La afirmación de que en China “mandan los hombres y no las leyes” forma parte de su acervo cultural milenario más íntimo. En su contacto con Occidente, desarrollado con intensidad e inusitada profusión en las últimas décadas, los dirigentes chinos han comprendido la importancia que desde otros parámetros se concede al derecho como garantía y exigencia para establecerse en el mundo de los negocios, pero también como fuente de certeza futura, en la medida en que la existencia de normas predetermina caminos que orillan la inseguridad y la imprevisión.
Es ese aprendizaje lo que las autoridades de Beijing han trasladado a su obsesión con el problema de Taiwán. La amenaza del uso de la fuerza en relación a la “provincia rebelde” no es nueva y forma parte del abecedario de la literatura política china, tanto anterior como posterior a la reforma de Deng Xiaoping. En el Libro Blanco de la defensa de 2004, se califica de “responsabilidad sagrada” el deber de impedir la separación del país que, por otra parte y paradójicamente, no está unido. La reunificación será una obligación legal a partir de su aprobación, pero, no nos engañemos, solo aporta la novedad del ropaje del discurso, lo que indica un entendimiento y asunción cada vez mayor de ciertos cánones, circunstancia formal que cabe apreciar positivamente, pero sin implicar alteración alguna de la actitud tradicional y de fondo.
China también responde así a las iniciativas de Taiwán. Si Taipei decide regular la vía del referéndum para hacer uso de ella en un determinado momento, quizás para legitimar la opción independentista, Beijing no desea quedarse atrás y lo que plantea con este texto es un mecanismo de respuesta para no dejar lugar a dudas de su vocación intransigente respecto a las actividades separatistas de Taiwán. Se equivoca, en cualquier caso, si deduce que de este modo una acción bélica contra la isla obtendría un menor rechazo de la opinión pública; y se equivoca también en la formulación: una ley anti-secesión podría tener sentido respecto a algunos territorios que reivindican la independencia, ya sea en Tibet o en Xingjiang, pero refiriéndose a Taiwán lo lógico hubiera sido poner el acento en la unificación.

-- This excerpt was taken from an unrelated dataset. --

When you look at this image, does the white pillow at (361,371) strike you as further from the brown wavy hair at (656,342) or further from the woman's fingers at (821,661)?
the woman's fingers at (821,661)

China, por otra parte, ha errado en el secretismo. Dice muy poco a su favor, a pesar de que los contados elegidos que han podido acceder al texto aseguran que gira en torno a los ejes que han caracterizado siempre la posición china: no independencia, unificación pacífica, y un país dos sistemas. Diferentes misiones han explicado su contenido en EEUU, Europa y Japón, pero el texto no ha gozado de la mínima publicidad, lo que demuestra que la pretensión es meramente instrumental y que, a la postre, no será la aplicación de la ley lo que determine una u otra actuación sino que, como siempre, se impondrán los criterios de oportunidad política que dictamine la elite dirigente. La acusación de Taiwán de que esta ley supone la concesión de un “cheque en blanco” al Ejército pasa por alto que en China “el partido manda al fusil”, aún a sabiendas de que el Parlamento, en dichas circunstancias, desempeñará un papel limitadamente legitimador.